Tuesday Evening 17 November 2009
Charts can be like clouds, at times, as unlikely a comparison as it may seem. Yet, the same chart can be
interpreted by so many people in a variety of ways, it would make one wonder what validity can be
attached to a chart?
Take a look below, and what do you see? [Ignore the comments] Then read on.
Lets us deal with factual observations in order to draw somekind of reasonable conclusions derived from
the facts gleaned. First and foremost? The trend, of course. The single most important piece of
information. Why? It identifies the prevailing path of least resistance, and that is where money can be
made, going with the flow.
The trend is up! How do we know for sure? The highs are higher and the lows are higher. A few days
ago, we viewed the trend as sideways, after a failed upside probe five bars ago, followed by a wide range bar down on increased volume. Since, price has made new highs, and the arrow has to point up, based
on the observable facts. Of this, there can be no dispute.
This brings up a minor point. There does not always have to be a trend. Sometimes, it can be sideways
or too difficult to determine. That is important information, as well. Leave them alone, and look for a
market that has a defined trend. Trading with a trend gives an immediate edge.
Because the trend is up, we know that half the decision-making has been eliminated...buying or selling.
The only position in the time frame chosen for analysis, in an up trend, is to be long, never short against
the trend. [Take a look at the Natural Gas chart from an article written earlier today to see why one
should never go against the trend.
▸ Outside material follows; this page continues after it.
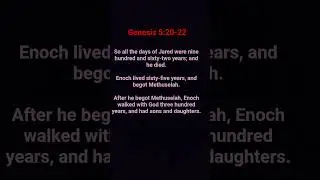 962 Years&hellip; Then Enoch Walked With God |  Enoch Did Not Die | What kind of life makes God take you?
Natural Gas - A Low-Risk Short-Term Trade. Anyone foolish enough
to buy that on the way down was inviting margin calls and losses.]
Wait! Didn't that article say we recommended a long position? As a matter of fact, yes, but we did so
based upon an intra day time frame in which the trend was NOT down. Like we repeat over and over,
know the trend in the time frame one is trading, and the next higher time frame, in addition.
Back to the S&P chart.
There are some other facts to be gleaned. The important ones have been noted on the chart. The swing
highs, or upward thrusts, are getting shorter. The horizontal line drawn across the July high is greater
than the next higher thrust in September, where another horizontal line has been drawn. The thrust
high in October made less upside progress, and we do not yet know where the November high will be.
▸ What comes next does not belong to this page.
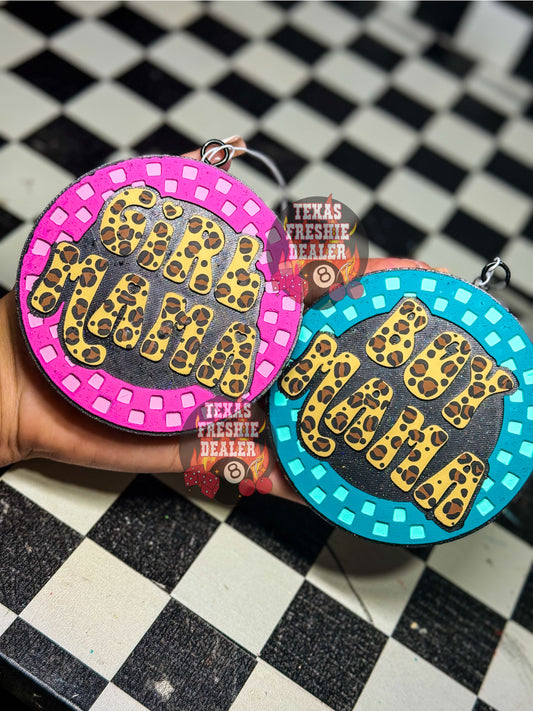 Girl Mama Checker Circle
From these observable facts, we can say that the trend, while up, is weakening.
What else do you see?
The declines from each successive high are getting deeper. The decline from the September high retraced
just over 50% from the early September swing low. The decline from the October high retraced over 75%
of the early October swing low. More facts that say that the trend is weakening.
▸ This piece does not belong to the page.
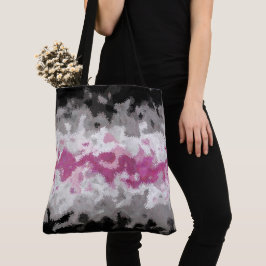 Bolsa Tote Bandeira do Orgulho Librafeminino Abstrato     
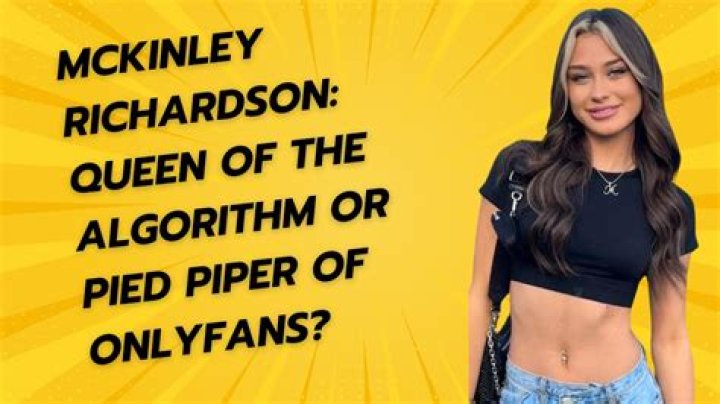 McKinley Richardson Sex: The Untold Story Behind the Headlines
Notice the volume during the first half of September rally. It was the highest volume up to that point. In
the second half of September, on the decline in price, volume dropped, a normal reaction for an uptrending
market. But, in the second half of October, on the steep decline, [over 75%], volume increased, saying
sellers were winning the battle. The duration in number of days down was also greater than the number
of days down in the September reaction low. Volume has remained low during the current November
rally. All facts.
What can we conclude?
The trend is up, but it has weakened. A weak trend is susceptible to selling entering into the market.
Speaking of selling, it has been absent. Just when it looked like it was game over at the end of October,
when sellers had buyers on the ropes, buyers were doing a rope-a-dope and came back, although one
can say definitely not with a flourish.
To buy or not to buy, that is the question? We have not been buyers of this rally, or even the preceding
rallies shown in this S&P chart. The facts keep getting in the way. Plus, before we were bothered by
the POMO effect. The first reason was given in early August, S & P - A "Muscled" Market, and then we
could not shake the POMO effect, [Permanent Open Market Operations], S & P - Will POMO Win Again?
We cannot subscribe to the long side, based on factual observations and inferences drawn thereform.
Nor can we forget the similarities of the shortening of the swing thrusts back in the Fall of 2007 that led
to the Fall of this early century. Trends to end, and we have been waiting for the end of this one.
It would seems we can all agree on the facts contained within the chart. Now there are probably a lot
of varying opinions on what to do about those facts.